Task details — Beneath this instruction is a listing; print exactly the lines in it starting at the line that contains "Bakong temple - stairway" and going through the line that contains "Enkelt nr: 968 59759".

= Beginning of Section =

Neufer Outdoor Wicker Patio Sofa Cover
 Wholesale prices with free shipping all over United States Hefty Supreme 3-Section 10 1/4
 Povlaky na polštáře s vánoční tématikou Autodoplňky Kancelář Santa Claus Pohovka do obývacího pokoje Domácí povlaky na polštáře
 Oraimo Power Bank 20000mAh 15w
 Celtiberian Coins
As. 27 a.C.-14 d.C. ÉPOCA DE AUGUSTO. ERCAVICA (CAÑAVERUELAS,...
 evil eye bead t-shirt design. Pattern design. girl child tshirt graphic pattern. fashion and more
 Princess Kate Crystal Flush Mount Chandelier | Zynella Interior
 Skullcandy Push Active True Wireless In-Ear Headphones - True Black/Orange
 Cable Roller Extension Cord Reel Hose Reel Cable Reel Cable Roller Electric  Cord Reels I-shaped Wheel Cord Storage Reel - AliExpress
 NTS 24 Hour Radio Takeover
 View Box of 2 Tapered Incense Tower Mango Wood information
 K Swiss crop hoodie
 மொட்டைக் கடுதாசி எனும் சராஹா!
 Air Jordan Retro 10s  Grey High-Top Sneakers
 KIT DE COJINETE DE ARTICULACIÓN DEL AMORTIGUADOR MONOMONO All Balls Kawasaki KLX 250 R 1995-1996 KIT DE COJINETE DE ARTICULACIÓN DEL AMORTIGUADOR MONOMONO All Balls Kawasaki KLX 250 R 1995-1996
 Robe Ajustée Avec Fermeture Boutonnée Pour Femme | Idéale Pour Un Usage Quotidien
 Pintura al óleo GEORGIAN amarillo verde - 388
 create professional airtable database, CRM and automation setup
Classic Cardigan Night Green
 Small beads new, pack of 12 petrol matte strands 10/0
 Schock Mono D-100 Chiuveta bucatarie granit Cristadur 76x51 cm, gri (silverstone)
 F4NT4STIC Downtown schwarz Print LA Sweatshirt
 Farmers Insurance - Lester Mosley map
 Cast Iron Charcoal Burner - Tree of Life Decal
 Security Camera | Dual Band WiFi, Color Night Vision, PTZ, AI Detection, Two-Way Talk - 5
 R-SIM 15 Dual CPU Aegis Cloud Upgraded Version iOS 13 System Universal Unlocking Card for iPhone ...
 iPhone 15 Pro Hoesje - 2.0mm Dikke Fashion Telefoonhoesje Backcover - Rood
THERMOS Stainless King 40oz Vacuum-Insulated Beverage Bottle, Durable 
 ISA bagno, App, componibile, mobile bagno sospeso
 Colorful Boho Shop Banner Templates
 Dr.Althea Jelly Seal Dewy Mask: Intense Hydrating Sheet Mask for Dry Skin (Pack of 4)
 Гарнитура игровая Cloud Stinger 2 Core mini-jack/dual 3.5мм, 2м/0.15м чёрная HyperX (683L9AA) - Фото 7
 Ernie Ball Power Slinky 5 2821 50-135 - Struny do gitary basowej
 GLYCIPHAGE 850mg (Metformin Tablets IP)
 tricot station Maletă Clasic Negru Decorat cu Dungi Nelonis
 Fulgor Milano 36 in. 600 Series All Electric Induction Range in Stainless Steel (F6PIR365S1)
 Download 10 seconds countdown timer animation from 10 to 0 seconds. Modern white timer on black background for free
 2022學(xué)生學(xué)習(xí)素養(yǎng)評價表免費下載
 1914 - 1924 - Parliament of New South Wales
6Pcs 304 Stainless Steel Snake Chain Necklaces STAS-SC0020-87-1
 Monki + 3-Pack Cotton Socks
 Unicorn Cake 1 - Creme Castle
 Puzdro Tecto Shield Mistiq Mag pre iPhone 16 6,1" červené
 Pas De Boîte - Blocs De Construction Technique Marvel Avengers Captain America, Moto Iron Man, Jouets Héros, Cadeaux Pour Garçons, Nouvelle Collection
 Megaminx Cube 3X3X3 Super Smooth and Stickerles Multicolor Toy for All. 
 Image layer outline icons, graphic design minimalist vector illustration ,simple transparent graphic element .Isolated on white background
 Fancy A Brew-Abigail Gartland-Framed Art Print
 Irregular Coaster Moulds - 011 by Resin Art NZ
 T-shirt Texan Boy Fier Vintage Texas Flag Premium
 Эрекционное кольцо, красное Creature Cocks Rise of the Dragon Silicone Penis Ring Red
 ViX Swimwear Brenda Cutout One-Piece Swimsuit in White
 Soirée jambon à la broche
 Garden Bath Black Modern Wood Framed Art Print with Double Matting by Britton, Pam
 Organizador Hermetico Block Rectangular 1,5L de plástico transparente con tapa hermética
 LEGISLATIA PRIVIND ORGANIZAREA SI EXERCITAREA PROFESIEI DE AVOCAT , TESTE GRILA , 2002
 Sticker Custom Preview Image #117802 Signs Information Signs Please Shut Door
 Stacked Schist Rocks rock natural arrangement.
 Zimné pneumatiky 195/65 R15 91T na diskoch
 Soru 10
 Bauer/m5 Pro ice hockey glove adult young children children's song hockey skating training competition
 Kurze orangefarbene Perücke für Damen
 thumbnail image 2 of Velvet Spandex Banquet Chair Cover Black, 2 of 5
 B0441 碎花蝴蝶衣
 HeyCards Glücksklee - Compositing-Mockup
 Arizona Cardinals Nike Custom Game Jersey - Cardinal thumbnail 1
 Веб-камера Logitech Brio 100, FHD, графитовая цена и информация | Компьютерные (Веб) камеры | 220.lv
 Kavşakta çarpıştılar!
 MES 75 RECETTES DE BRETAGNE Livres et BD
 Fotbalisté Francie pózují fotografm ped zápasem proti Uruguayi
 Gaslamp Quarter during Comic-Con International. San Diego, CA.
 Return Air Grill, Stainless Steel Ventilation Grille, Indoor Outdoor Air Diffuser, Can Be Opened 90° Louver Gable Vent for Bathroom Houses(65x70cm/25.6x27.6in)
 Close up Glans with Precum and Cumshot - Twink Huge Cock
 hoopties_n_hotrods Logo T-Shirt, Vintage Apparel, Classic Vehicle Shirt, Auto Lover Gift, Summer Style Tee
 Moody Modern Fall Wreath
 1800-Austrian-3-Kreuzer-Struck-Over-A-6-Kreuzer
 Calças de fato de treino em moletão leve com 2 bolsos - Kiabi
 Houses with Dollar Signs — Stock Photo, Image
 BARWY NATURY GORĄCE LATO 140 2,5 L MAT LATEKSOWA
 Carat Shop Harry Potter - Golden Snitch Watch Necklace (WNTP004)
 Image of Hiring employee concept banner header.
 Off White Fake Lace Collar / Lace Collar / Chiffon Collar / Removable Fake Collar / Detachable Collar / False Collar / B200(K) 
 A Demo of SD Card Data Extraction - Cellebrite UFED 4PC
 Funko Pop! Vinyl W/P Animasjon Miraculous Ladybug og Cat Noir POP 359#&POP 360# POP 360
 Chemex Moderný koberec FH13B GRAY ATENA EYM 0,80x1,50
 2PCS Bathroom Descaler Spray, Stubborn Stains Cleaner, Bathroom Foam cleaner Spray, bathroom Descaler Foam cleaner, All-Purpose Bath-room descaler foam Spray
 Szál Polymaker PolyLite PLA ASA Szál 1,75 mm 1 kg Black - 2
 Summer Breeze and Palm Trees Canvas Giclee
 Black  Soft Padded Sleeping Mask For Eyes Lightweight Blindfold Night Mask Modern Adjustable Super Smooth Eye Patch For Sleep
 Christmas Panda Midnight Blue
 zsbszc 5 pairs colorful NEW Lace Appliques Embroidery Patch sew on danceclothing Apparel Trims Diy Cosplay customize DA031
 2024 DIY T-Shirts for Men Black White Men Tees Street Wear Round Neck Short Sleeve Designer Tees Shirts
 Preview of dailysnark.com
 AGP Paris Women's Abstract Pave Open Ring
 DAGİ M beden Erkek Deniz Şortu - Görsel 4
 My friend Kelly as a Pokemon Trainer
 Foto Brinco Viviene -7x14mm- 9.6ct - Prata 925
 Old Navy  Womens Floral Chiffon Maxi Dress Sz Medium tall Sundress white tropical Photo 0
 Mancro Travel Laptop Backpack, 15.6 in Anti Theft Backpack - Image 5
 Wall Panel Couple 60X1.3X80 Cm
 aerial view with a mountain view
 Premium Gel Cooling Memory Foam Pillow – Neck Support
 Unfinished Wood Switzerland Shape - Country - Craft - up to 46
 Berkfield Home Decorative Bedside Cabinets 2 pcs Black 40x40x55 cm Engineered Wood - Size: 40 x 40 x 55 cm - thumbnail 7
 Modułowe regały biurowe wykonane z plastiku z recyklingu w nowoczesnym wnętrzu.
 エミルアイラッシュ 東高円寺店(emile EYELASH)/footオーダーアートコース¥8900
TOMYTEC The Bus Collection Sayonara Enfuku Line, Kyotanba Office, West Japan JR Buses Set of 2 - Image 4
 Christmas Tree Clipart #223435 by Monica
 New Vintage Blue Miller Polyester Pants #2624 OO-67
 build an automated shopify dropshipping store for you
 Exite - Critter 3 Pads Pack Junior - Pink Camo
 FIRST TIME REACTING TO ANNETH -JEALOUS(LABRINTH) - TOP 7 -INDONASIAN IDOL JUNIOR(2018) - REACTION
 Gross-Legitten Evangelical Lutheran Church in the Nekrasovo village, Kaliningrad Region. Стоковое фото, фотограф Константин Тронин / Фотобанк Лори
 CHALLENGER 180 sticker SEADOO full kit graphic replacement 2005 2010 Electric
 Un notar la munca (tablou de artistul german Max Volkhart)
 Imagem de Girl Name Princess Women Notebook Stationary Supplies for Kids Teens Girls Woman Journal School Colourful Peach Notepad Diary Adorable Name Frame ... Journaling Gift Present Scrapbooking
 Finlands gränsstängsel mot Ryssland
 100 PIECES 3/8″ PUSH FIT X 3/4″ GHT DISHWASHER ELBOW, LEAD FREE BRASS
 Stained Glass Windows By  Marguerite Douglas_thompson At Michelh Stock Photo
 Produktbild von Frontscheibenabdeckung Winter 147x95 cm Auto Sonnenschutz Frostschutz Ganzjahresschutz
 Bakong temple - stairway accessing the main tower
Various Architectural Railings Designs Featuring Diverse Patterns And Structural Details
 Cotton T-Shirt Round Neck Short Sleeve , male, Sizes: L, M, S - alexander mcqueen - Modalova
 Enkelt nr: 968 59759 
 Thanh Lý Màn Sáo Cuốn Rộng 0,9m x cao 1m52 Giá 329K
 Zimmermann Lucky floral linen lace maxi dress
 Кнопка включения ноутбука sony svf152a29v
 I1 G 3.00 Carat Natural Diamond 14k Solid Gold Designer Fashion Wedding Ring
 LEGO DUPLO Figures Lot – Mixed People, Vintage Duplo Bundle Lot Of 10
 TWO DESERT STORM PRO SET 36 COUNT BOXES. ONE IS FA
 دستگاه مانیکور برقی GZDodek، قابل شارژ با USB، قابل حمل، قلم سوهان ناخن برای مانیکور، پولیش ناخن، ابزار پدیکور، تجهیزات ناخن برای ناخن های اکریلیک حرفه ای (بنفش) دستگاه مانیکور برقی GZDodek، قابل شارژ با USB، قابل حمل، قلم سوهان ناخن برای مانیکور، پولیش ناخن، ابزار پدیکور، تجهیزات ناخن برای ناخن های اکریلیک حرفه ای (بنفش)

= End of Section =

Response below —
 Bakong temple - stairway accessing the main tower
Various Architectural Railings Designs Featuring Diverse Patterns And Structural Details
 Cotton T-Shirt Round Neck Short Sleeve , male, Sizes: L, M, S - alexander mcqueen - Modalova
 Enkelt nr: 968 59759 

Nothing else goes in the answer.